The Greatest Adventure?

RJF
3 min readJul 12, 2021

I was in bed the other morning getting ready to start my day and I started to think about death. I hadn’t even had my coffee yet and I was already having an existential dialogue in my head. This happens from time to time and nothing really triggers it, but I suddenly come to the realization every now and again that one day I will be dead. One day, we will all be… dead. Sometimes I look at my family and friends when I’m with them and feel a sense of panic thinking about the day I will lose them forever. I do have fears about dying but am more curious about what it will be like to actually be dead. Is there an afterlife? Is there just nothingness? What is going to happen once my body gives out on me?

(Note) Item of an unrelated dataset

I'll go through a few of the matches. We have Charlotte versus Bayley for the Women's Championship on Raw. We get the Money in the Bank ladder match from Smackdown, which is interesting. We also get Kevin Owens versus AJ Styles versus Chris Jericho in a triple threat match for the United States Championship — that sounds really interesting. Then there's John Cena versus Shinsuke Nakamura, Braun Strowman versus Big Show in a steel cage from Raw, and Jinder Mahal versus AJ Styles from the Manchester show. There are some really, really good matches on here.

Many people who have died for a brief period of time and then are brought back to life claim that there is an afterlife. A lot of the stories I’ve heard about are that there is some sort of bright light, a feeling of peace, and a realization that they are no longer in the realm of the real world. I have heard of some stories where people died for a couple of minutes and there was just nothingness. They compare it to being put under anesthesia; no dreams, no images, no sense of time. Seeing as how I have never died and been brought back, I can’t confirm or deny any of these claims.

A lot of our beliefs about what happens to us when we die are founded on religious teachings. I think even people that were not brought up in a specific religion are influenced by what they see or read about from others that are. I was raised Catholic and was taught that there is heaven, hell, and purgatory. If you live your life according to the teachings of the Bible, you get into heaven. If you’re a stone cold asshole with no remorse for your bad doings, you go to hell. If you live as best as you can but mess up from time to time and are sorry for your sins, then you go to purgatory and eventually heaven once you have served your time there. It’s bizarre to think about whoever came up with these concepts because that’s what they are, concepts. Is there any real proof that heaven, hell, or purgatory exists? There isn’t any true concrete evidence, at least not that I know of.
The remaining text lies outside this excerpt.